В конце осени 1948 года по приказу Сталина ЕАК закрыли. Набор «Черной книги» рассыпали, гранки и рукопись исчезли в подвалах Лубянки. Музей в Вильнюсе перестал существовать, но материалы, как ни удивительно, вновь оказались у Эренбурга. Начавшиеся аресты, высылки и расстрелы исключали какую-либо работу по подготовке книги к изданию. Перед смертью Эренбург вел переговоры с агентством печати «Новости». После смещения Хрущева, к чему приложил руку и давний враг «Черной книги» Михаил Суслов, дела Эренбурга и Гроссмана стали совсем плохи. Суслов захватил место негласного вершителя судеб писателей и их произведений. Раньше сусловское самовластье ограничивал Хрущев. При главном идеологе-погромщике ни «Черная книга», ни стенограмма процесса над членами ЕАК не могли появиться в печати. Именно в то время он пророчил, что лучший роман Гроссмана «Жизнь и судьба» дойдет до читателя через 200 лет. Без его ведома Вадим Кожевников побоялся бы передать рукопись на Лубянку. Едва успел Суслов уйти в небытие, как «Жизнь и судьба» увидела свет за границей, а вскоре ее напечатал журнал «Октябрь».

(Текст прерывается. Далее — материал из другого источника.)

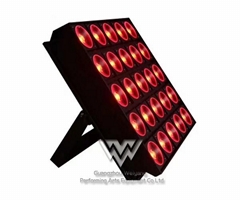 25X10W LED Matrix Beam Wash Light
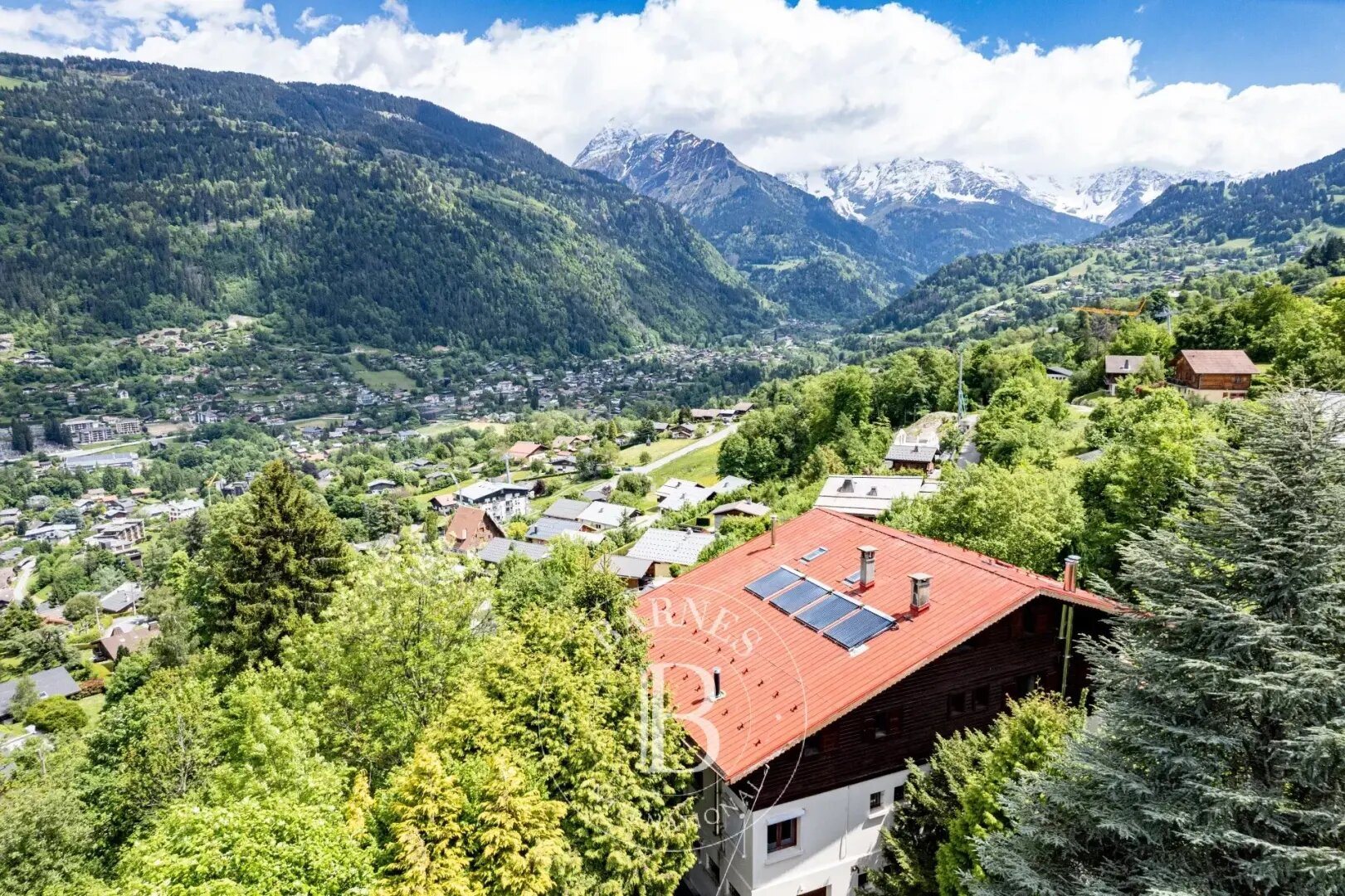 Maison à vendre, 437m², Saint-Gervais-les-Bains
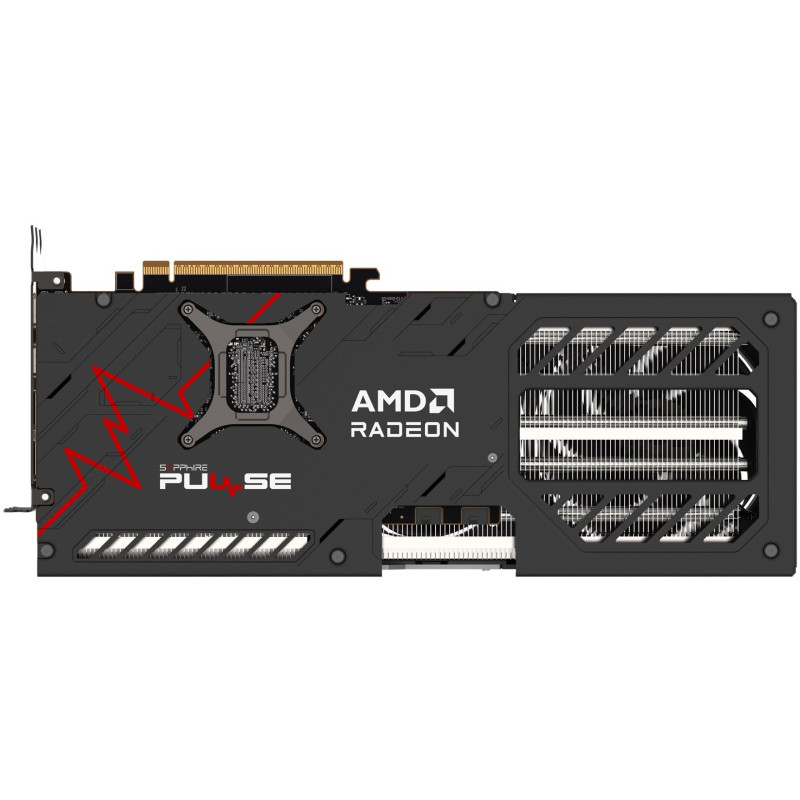 Відеокарта Sapphire RX 9070 XT 16GB PULSE Gaming OC (11348-03-20G)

Ирина Эрбург спрятала папки с материалами. Рукопись затем попала в Иерусалим и получила там жизнь на русском языке, правда, с купюрами. Часть текста была утрачена. Дважды «Черная книга» появилась в Киеве. В Вильнюсе ее набрали по сохранившейся верстке 47-го года.
«Я мечтал издать „Черную книгу“», — писал Эренбург. «Прошло больше сорока пяти лет, и эта мечта сбылась», — с горечью и торжеством замечает Ирина Эрбург в предисловии, к сожалению умалчивая, что полный текст публикуется все-таки не в России, не на родине Эренбурга, а в соседней стране. Поистине: хождение по мукам!
Историк Илья Альтман в статье, предпосланной литовскому изданию, более подробно, чем Ирина Ильинична, останавливается на судьбе собранных Эренбургом материалов. Особенно ценно, что в статье приведены подлинные слова Эренбурга, закрепляющие драматические факты борьбы за публикацию «Черной книги». Эренбург в выступлении констатировал, что он не получил ответ на записку о содержании предполагаемой работы. Если учесть последующее, то молчание выглядело зловещим. Надо обратить внимание и на странную в условиях советской системы фразу Эренбурга:
— Мне кажется, поскольку предоставлена возможность составить рукопись, то вокруг напечатания скорее можно будет дать бой.
Эренбург говорил не в безвоздушном пространстве, не на ухо другу и не во время загородной прогулки. Он излагал мысли по поводу публикации в присутствии далеко не однородной аудитории. Несмотря на то что шла война, наблюдение за людьми, подобными Эренбургу, не прекращалось, а, наоборот, набирало обороты. Следили за связями, за устной и письменной речью, собирали отдельные высказывания, фиксировали информацию от источников. Кому Эренбург собирался дать бой? Идеологам из аппарата ЦК ВКП(б), абакумовским ищейкам, Щербакову и Жданову?
Бой — с кем? Кто препятствовал работе над книгой? По чьему распоряжению? Кто стоял за всем этим? Эренбург давно знал фамилию кукловода и ни на минуту не сомневался, что без него, без главного кукловода, ничего не делается, особенно в идеологии.